In some embodiments, the present disclosure may further perform a space partition process of partitioning the point cloud data into one or more 3D blocks before encoding the point cloud data. The 3D block may mean whole or part of a 3D space occupied by the point cloud data. The 3D block may be one or more of a tile group, a tile, a slice, a coding unit (CU), a prediction unit (PU), or a transform unit (TU).

A tile corresponding to a 3D block may mean whole or part of the 3D space occupied by the point cloud data. Also, a slice corresponding to a 3D block may mean whole or part of a 3D space occupied by the point cloud data. A tile may be partitioned into one or more slices based on the number of points included in one tile. A tile may be a group of slices with bounding box information. The bounding box information of each tile may be specified in a tile inventory (or a tile parameter set, a tile parameter set (TPS)). A tile may overlap another tile in the bounding box. A slice may be a unit of data on which encoding is independently performed, or a unit of data on which decoding is independently performed. That is, a slice may be a set of points that may be independently encoded or decoded. In some embodiments, a slice may be a series of syntax elements representing part or whole of a coded point cloud frame. Each slice may include an index for identifying a tile to which the slice belongs.

The spatially partitioned 3D blocks may be processed independently or non-independently. For example, spatially partitioned 3D blocks may be encoded or decoded independently or non-independently, respectively, and may be transmitted or received independently or non-independently, respectively. In addition, the spatially partitioned 3D blocks may be quantized or dequantized independently or non-independently, and may be transformed or inversely transformed independently or non-independently, respectively. In addition, spatially partitioned 3D blocks may be rendered independently or non-independently. For example, encoding or decoding may be performed in units of slices or units of tiles. In addition, quantization or dequantization may be performed differently for each tile or slice, and may be performed differently for each transformed or inversely transformed tile or slice.

In this way, when the point cloud data is spatially partitioned into one or more 3D blocks and the spatially partitioned 3D blocks are processed independently or non-independently, the process of processing the 3D blocks is performed in real time and the process is performed with low latency. In addition, random access and parallel encoding or parallel decoding in a three-dimensional space occupied by point cloud data may be enabled, and errors accumulated in the encoding or decoding process may be prevented.

When the point cloud data is partitioned into one or more 3D blocks, information for decoding some point cloud data corresponding to a specific tile or a specific slice among the point cloud data may be required. In addition, in order to support spatial access (or partial access) to point cloud data, information related to 3D spatial areas may be required.

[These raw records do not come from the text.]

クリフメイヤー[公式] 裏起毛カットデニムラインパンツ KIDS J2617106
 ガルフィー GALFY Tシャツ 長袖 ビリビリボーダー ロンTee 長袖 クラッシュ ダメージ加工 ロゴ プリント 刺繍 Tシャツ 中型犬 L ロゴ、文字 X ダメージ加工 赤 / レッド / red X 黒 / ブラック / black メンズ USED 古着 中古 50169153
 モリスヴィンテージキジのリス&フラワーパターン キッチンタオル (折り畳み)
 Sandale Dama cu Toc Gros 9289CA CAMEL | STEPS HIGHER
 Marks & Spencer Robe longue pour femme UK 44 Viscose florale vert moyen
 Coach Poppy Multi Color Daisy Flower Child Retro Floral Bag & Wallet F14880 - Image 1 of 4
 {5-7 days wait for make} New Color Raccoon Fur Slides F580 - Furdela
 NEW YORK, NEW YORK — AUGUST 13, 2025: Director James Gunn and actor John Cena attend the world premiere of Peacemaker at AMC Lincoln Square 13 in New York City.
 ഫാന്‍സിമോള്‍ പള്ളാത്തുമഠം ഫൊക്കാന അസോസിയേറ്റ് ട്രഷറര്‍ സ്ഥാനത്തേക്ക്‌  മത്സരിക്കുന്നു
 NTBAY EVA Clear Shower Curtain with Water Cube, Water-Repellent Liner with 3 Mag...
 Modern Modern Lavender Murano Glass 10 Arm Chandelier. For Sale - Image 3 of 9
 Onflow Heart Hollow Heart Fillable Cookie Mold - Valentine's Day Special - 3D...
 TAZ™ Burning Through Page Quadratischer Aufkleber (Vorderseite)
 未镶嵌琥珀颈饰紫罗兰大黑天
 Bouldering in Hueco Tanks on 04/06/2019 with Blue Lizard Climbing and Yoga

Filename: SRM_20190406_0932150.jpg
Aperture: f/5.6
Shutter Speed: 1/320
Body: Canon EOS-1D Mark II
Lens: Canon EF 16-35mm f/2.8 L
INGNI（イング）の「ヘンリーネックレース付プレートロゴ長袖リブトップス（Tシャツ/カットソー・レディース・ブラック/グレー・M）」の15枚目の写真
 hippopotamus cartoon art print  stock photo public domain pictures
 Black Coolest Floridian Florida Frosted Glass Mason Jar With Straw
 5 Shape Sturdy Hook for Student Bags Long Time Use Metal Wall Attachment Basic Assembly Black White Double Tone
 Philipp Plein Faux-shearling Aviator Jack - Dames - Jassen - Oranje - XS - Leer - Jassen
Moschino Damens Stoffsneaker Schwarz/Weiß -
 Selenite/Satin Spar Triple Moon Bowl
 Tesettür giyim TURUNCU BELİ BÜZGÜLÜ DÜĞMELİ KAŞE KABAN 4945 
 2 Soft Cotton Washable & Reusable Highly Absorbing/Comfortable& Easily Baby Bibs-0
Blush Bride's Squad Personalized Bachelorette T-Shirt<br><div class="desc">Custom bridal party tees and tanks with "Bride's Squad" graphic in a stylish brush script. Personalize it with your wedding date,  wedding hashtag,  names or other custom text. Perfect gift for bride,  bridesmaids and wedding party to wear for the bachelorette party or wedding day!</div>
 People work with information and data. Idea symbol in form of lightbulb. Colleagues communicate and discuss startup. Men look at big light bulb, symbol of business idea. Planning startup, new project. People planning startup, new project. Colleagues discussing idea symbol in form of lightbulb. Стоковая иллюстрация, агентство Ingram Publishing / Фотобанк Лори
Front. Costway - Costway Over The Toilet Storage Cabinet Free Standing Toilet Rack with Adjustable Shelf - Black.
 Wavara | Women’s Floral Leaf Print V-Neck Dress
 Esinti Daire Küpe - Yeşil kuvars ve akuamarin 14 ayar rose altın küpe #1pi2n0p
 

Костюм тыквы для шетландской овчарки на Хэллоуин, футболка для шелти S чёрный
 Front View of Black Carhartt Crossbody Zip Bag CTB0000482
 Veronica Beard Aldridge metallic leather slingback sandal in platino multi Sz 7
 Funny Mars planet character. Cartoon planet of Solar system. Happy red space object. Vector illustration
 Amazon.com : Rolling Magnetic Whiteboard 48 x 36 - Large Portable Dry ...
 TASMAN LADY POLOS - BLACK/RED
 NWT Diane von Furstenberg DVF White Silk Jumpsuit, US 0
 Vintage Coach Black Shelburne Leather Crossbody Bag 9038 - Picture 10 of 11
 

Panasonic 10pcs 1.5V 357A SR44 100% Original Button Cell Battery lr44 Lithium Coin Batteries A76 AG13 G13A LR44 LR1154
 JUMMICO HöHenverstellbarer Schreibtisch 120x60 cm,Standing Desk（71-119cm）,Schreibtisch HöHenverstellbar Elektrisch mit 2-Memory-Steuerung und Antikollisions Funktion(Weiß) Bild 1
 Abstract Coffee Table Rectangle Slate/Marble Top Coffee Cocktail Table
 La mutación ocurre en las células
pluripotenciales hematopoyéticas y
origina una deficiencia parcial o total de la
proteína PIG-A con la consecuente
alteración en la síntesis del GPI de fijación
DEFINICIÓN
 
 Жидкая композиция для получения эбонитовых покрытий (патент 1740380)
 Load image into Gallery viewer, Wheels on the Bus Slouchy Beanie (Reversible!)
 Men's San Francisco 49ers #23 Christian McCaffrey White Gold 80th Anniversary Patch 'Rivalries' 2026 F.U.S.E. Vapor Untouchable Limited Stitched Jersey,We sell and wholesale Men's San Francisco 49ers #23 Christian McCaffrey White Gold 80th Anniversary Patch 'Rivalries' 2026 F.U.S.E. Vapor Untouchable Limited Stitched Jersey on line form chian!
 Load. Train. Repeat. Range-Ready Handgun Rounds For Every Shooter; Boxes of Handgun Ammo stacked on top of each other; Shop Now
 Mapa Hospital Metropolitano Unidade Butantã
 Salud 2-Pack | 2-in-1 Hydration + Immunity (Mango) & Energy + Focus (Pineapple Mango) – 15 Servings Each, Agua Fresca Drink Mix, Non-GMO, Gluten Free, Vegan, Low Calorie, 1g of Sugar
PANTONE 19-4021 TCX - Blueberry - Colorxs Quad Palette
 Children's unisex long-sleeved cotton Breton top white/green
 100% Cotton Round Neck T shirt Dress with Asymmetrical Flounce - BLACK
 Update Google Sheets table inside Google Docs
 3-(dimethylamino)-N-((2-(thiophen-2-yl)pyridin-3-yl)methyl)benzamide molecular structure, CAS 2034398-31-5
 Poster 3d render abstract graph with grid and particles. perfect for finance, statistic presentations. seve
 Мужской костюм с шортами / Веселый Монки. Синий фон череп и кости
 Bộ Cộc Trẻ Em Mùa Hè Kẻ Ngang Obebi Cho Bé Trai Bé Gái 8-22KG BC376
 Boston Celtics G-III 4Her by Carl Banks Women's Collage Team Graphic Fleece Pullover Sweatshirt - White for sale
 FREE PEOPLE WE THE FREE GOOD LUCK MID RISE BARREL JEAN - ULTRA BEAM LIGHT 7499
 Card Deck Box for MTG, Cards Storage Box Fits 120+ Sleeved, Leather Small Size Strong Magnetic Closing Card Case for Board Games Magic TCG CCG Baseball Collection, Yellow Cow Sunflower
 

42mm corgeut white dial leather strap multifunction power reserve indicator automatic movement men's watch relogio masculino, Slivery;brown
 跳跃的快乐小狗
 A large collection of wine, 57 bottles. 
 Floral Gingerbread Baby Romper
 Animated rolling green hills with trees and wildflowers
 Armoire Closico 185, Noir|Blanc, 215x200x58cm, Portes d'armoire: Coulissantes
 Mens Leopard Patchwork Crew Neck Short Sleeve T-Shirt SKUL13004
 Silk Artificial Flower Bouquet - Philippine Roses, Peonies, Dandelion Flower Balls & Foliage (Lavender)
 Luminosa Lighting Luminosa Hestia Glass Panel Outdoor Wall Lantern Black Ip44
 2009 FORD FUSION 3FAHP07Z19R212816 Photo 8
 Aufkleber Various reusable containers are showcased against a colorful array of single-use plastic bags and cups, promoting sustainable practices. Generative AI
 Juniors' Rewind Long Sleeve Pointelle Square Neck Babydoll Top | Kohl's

Here, the spatial access may mean extracting, from a file, only necessary partial point cloud data in the entire point cloud data. The signaling information may include information for decoding some point cloud data, information related to 3D spatial areas for supporting spatial access, and the like. For example, the signaling information may include 3D bounding box information, 3D spatial area information, tile information, and/or tile inventory information.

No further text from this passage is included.